_Exercise description_: Beginning at the line with "Seating Stool: Black Vanity Stool" in the records below, return each line up to and including the last, exactly as it stands, but not the pictures.

Segment Start: Data excerpts

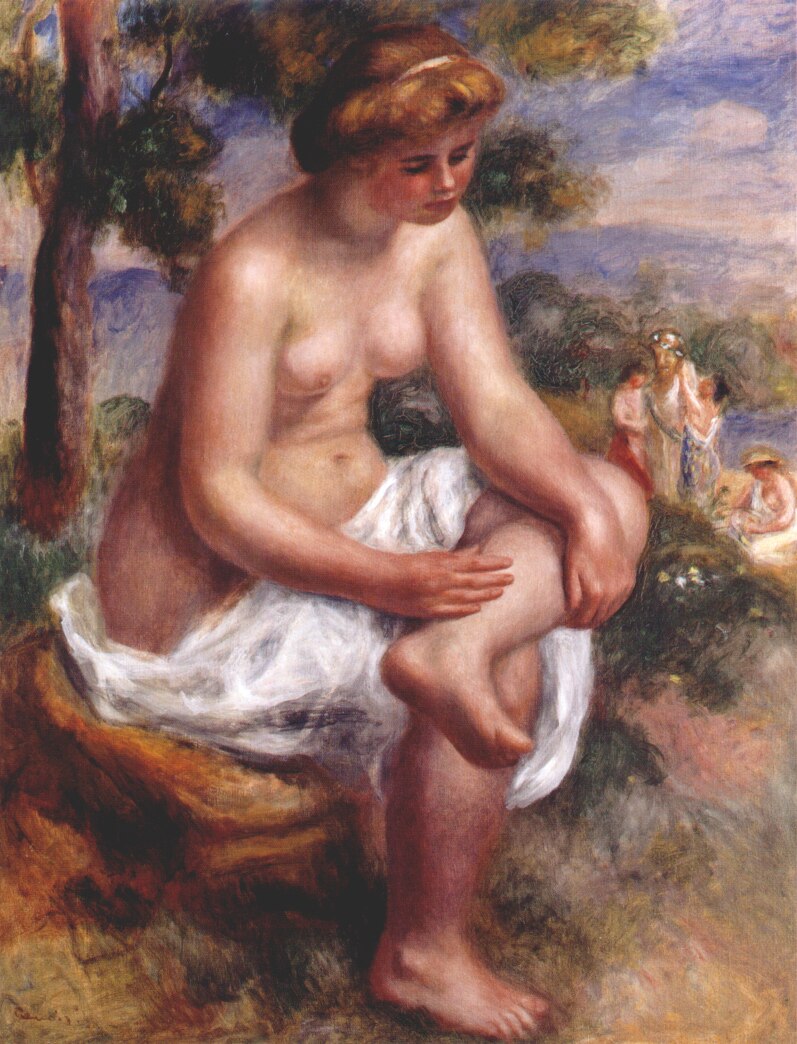 Nude Woman Seated bather in a landscape - Pierre-Auguste Renoir painting on canvas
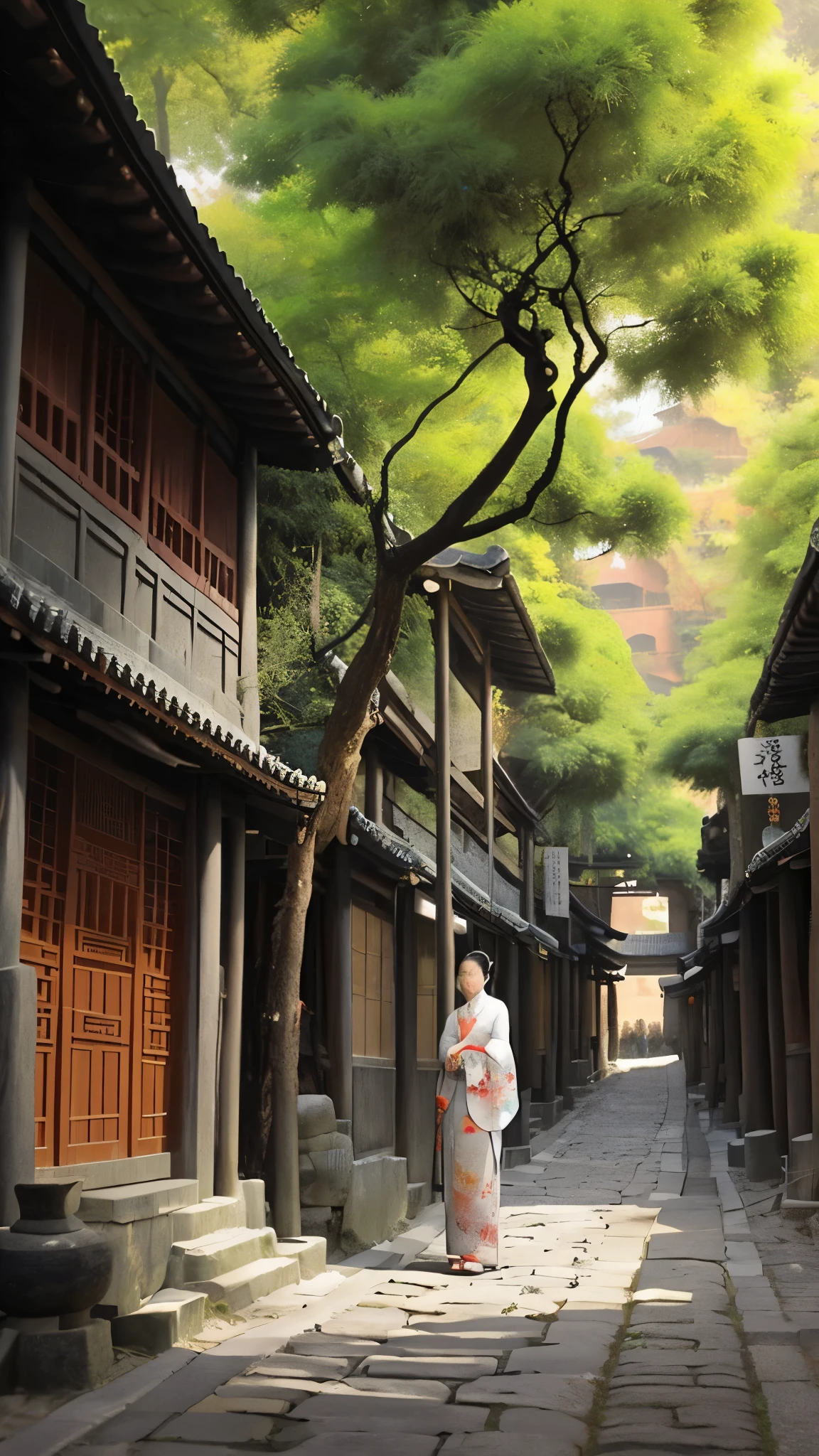 painting of a tree in a narrow alley with a stone path, dreamy chinese town, ancient city streets behind her, chinese village, old asian village, by Zou Zhe, by Yang J, japanese street, beautiful anime scene, incredibly beautiful, by Li Song, by Yu Zhiding, by Leng Mei, by Qu Leilei, beautiful ancient trees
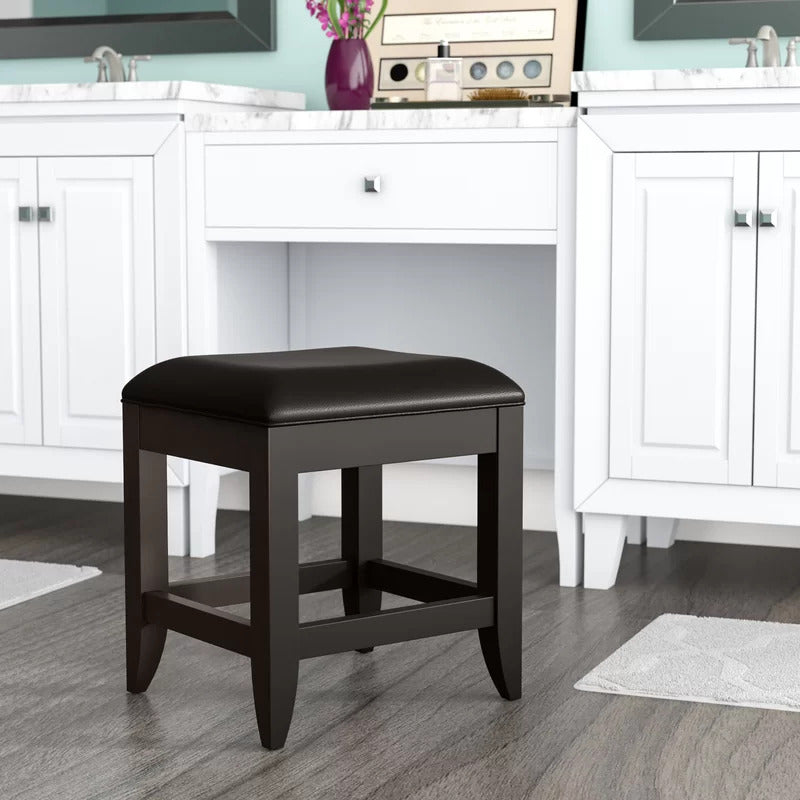 Seating Stool: Black Vanity Stool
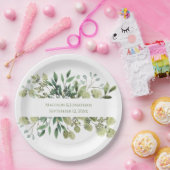 Weddenschap Greenery Eucalyptus Waterverf Datum Papieren Bordje (Feest)
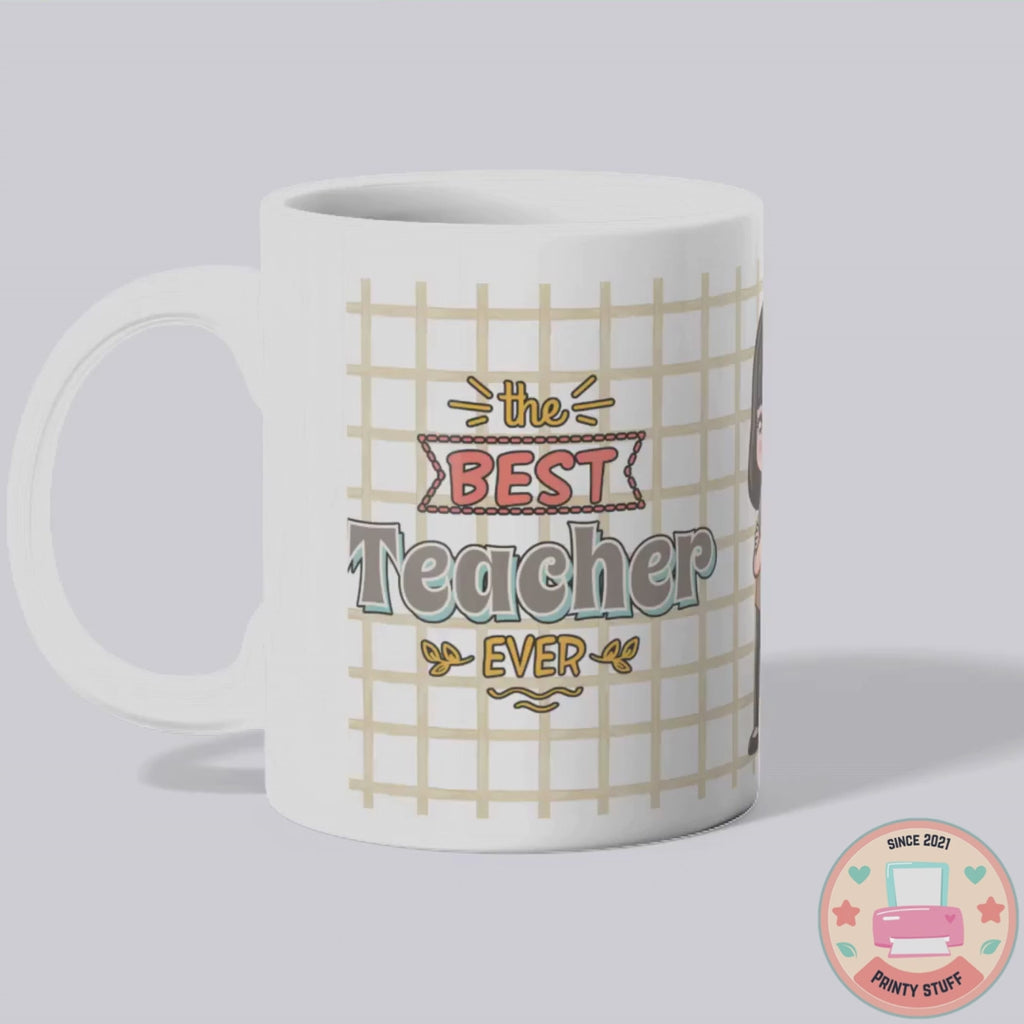 "The Best Teacher Ever - Happy Teacher's Day" Female Chibi Grid Coffee Mug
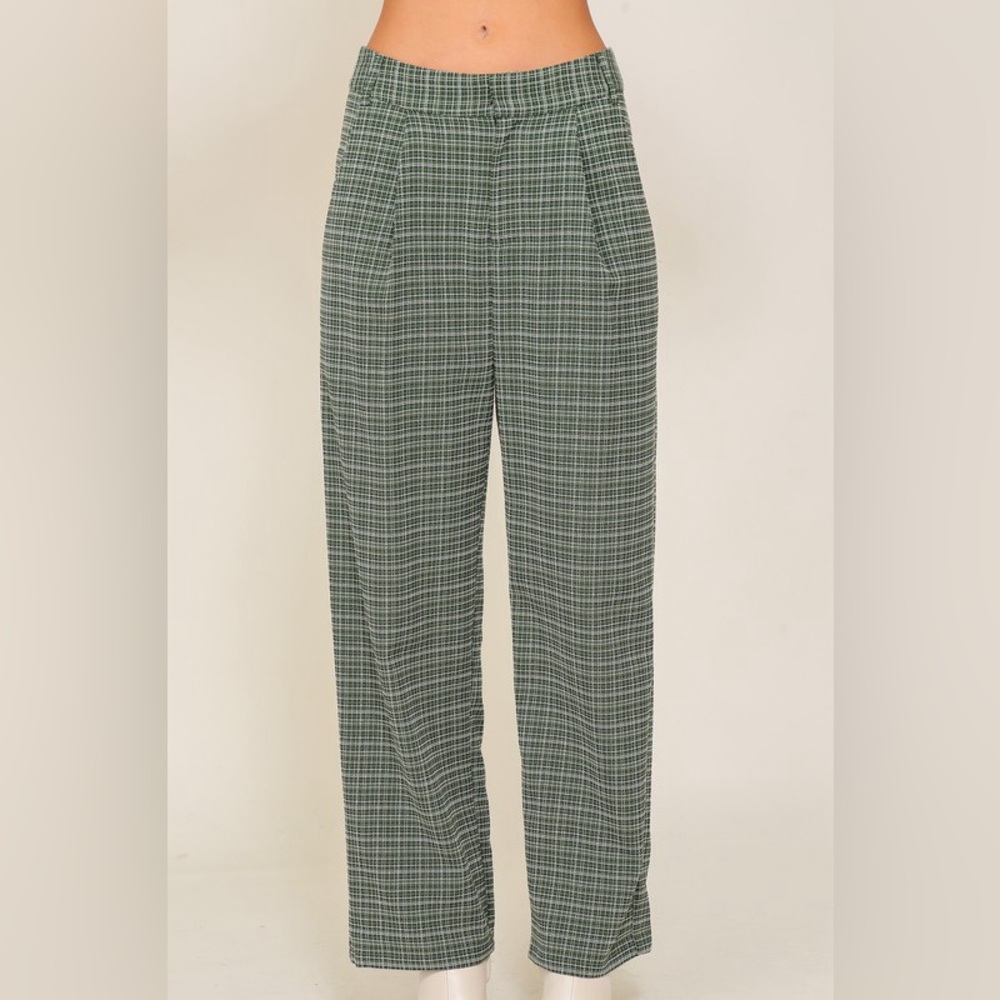 Retro Loose Fit Plaid Tailored Pants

Segment End: Data excerpts

_Result of this task_:
 Seating Stool: Black Vanity Stool
 Weddenschap Greenery Eucalyptus Waterverf Datum Papieren Bordje (Feest)
 "The Best Teacher Ever - Happy Teacher's Day" Female Chibi Grid Coffee Mug
 Retro Loose Fit Plaid Tailored Pants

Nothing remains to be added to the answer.